[Provided information]
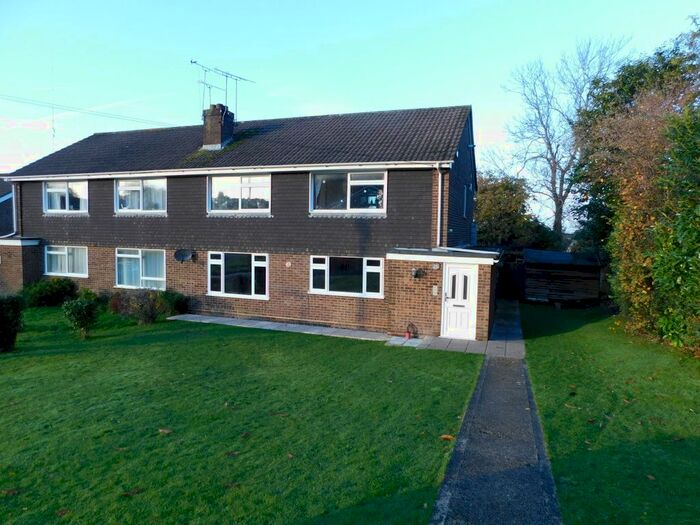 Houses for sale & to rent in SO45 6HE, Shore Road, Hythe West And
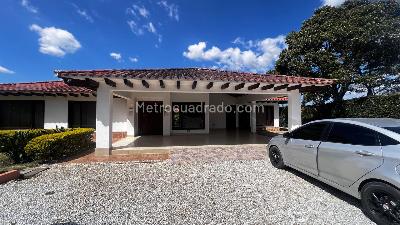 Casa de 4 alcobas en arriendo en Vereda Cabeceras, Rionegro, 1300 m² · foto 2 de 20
[/Provided information]
[Provided information]
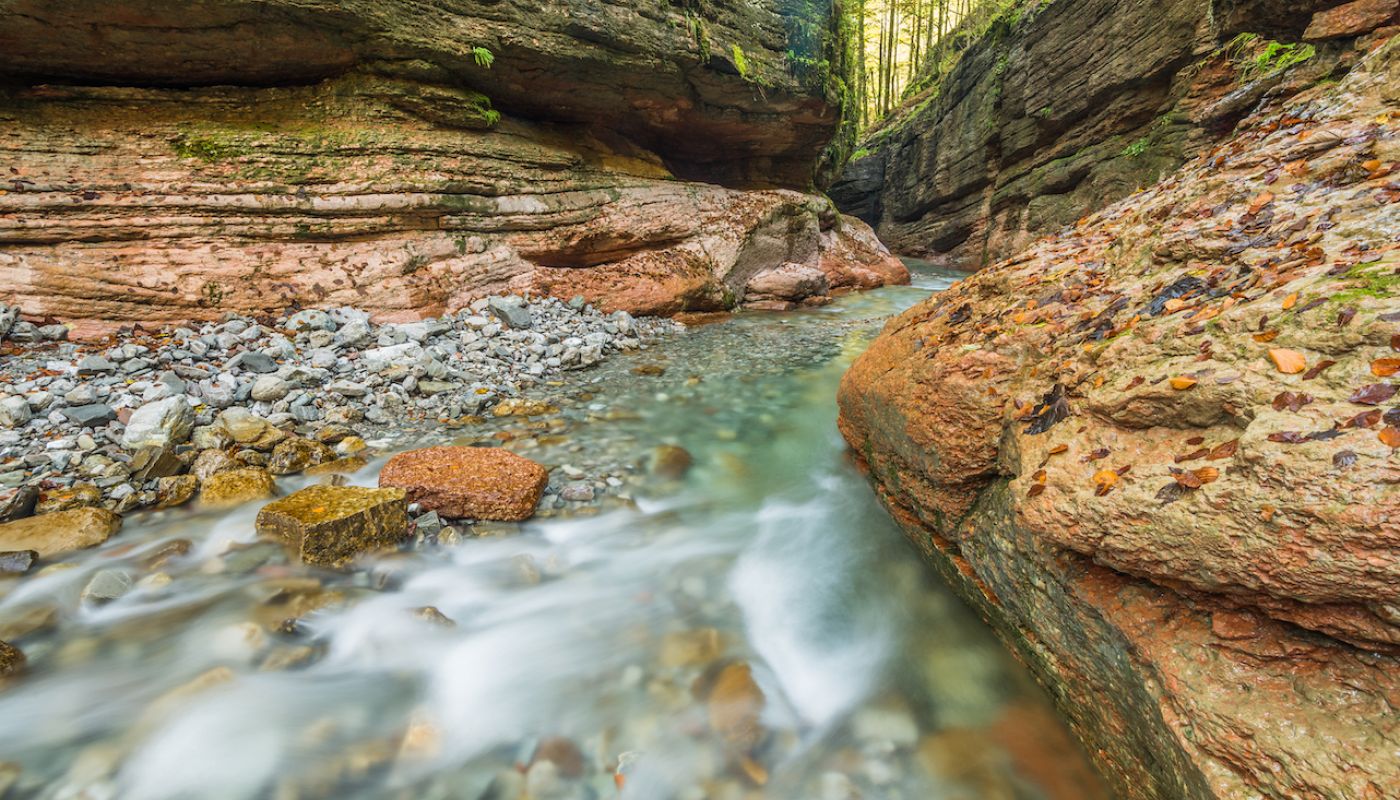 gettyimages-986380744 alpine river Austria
[/Provided information]
• What is required: Starting at the line containing "Houses for sale" and stopping at the line containing "Casa de 4 alcobas", output each line exactly as it appears above. Leave out the pictures.

• Solution below:
 Houses for sale & to rent in SO45 6HE, Shore Road, Hythe West And
 Casa de 4 alcobas en arriendo en Vereda Cabeceras, Rionegro, 1300 m² · foto 2 de 20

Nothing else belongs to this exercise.